About this exercise: Your reply should contain nothing except the lines from the one with "Tommy Bahama Solid" through the end of the listing below, reproduced exactly and stripped of pictures.

Dataset entries:
━━━━━━
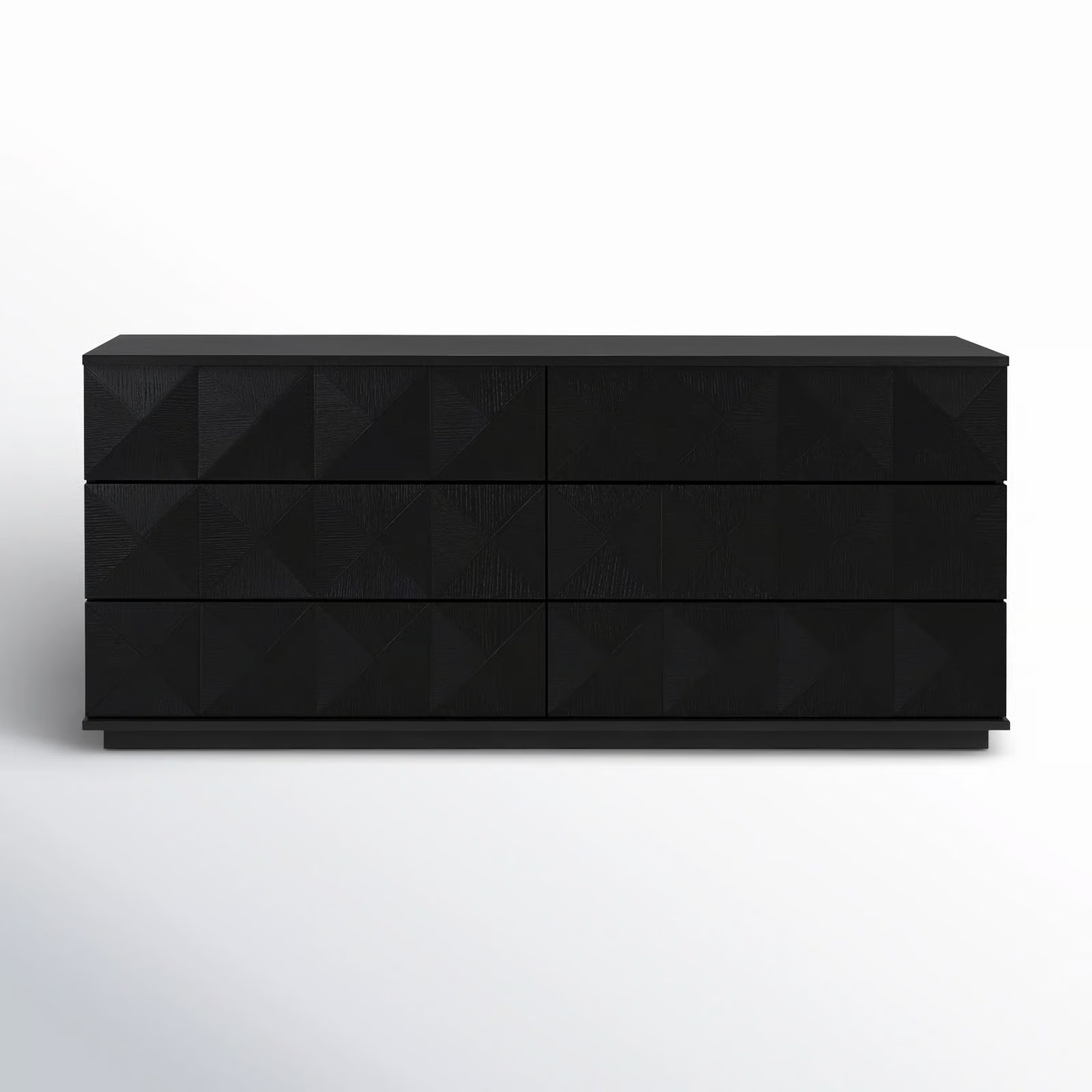 Iriye 6 - Drawer Dresser | Joss & Main
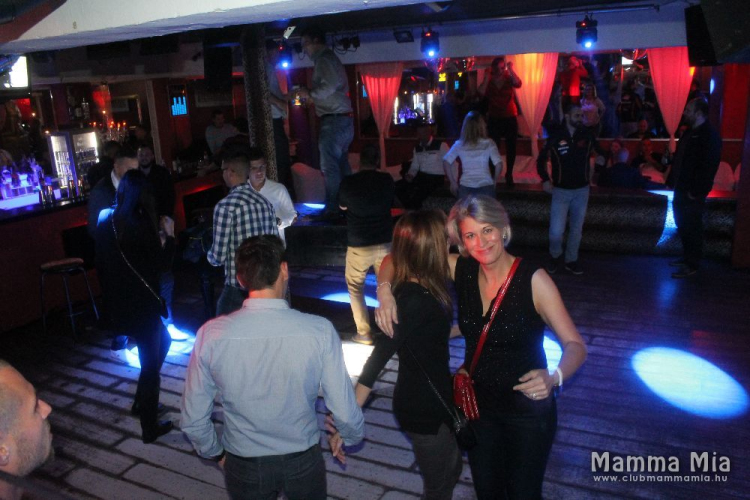 2017.09.29.Mamma Mia Pénteki Házibuli Dj:Ice & Conga Solymi Fotók:árpika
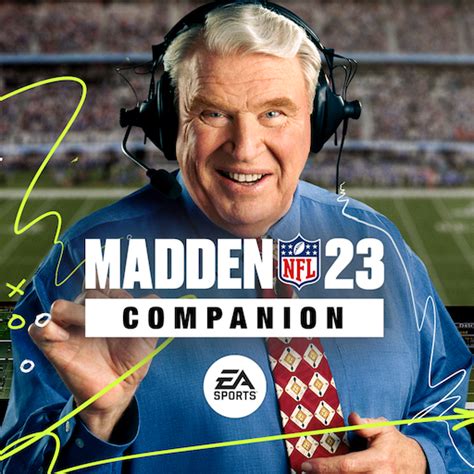 Madden NFL 23 Companion Codes - November 2024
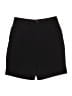 Tommy Bahama Solid Black Shorts Size L - photo 1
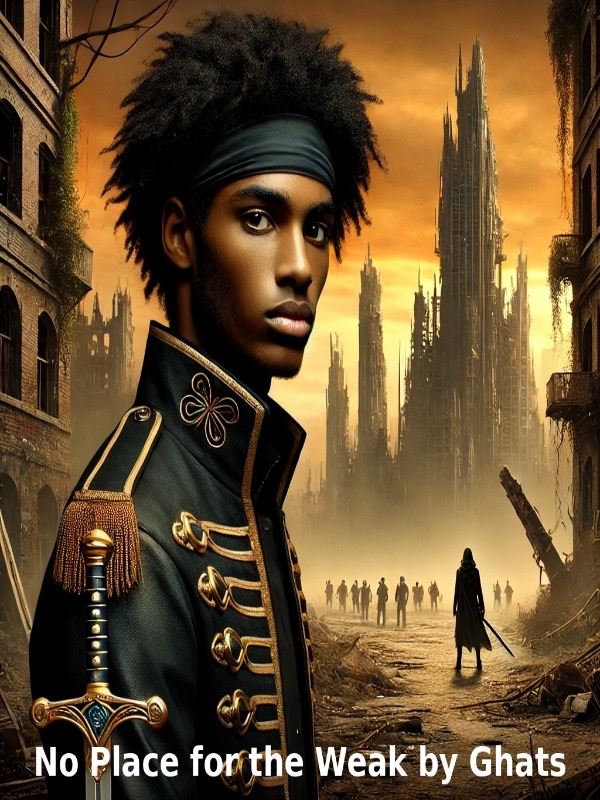 No Place for the Weak icon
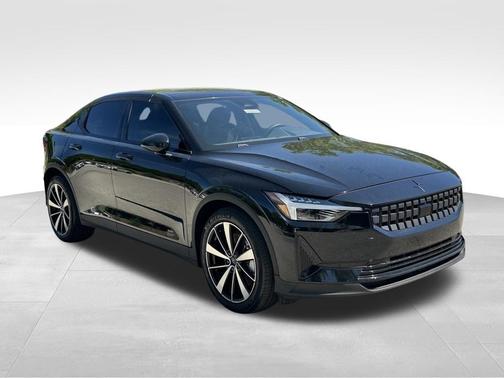 Void 2022 Polestar 2 Long Range Single Motor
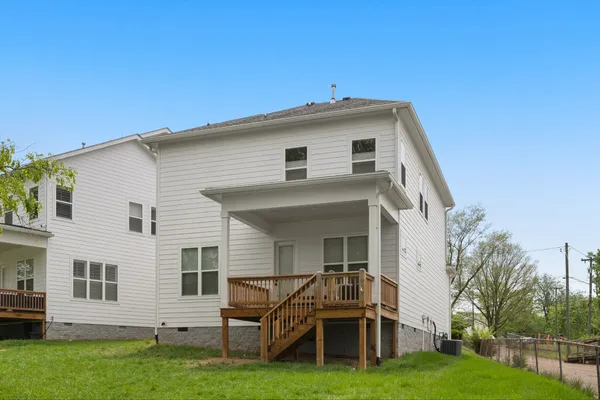 $3,800 | 500 B Waycross Drive, Nashville, TN 37211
━━━━━━
Problem solution:
 Tommy Bahama Solid Black Shorts Size L - photo 1
 No Place for the Weak icon
 Void 2022 Polestar 2 Long Range Single Motor
 $3,800 | 500 B Waycross Drive, Nashville, TN 37211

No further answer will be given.